» Exercise
When you copy the listing, reproduce each line as it appears and omit every image.

» Given information

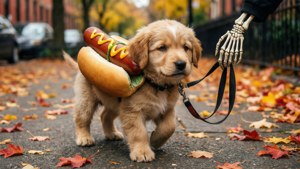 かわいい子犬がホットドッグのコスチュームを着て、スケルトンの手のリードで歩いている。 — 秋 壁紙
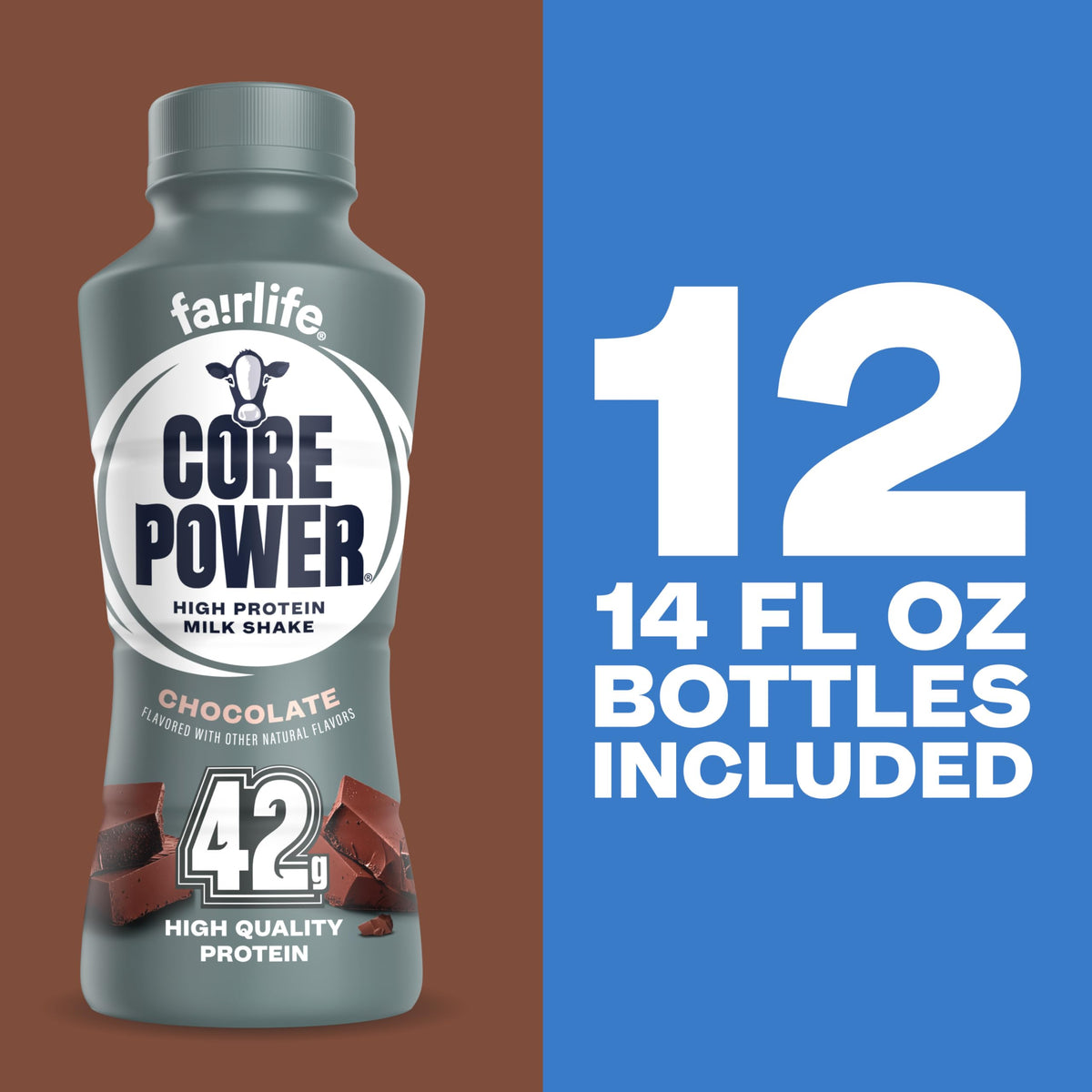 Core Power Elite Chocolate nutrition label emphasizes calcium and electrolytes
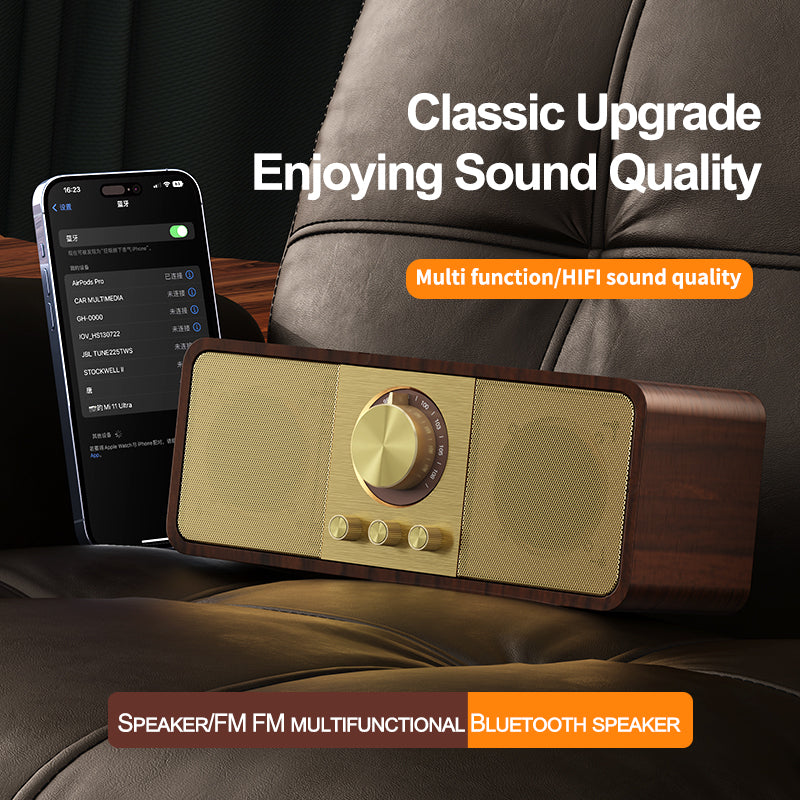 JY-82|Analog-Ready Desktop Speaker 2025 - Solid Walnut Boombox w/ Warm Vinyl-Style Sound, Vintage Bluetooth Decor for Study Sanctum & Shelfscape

» Problem solution
 かわいい子犬がホットドッグのコスチュームを着て、スケルトンの手のリードで歩いている。 — 秋 壁紙
 Core Power Elite Chocolate nutrition label emphasizes calcium and electrolytes
 JY-82|Analog-Ready Desktop Speaker 2025 - Solid Walnut Boombox w/ Warm Vinyl-Style Sound, Vintage Bluetooth Decor for Study Sanctum & Shelfscape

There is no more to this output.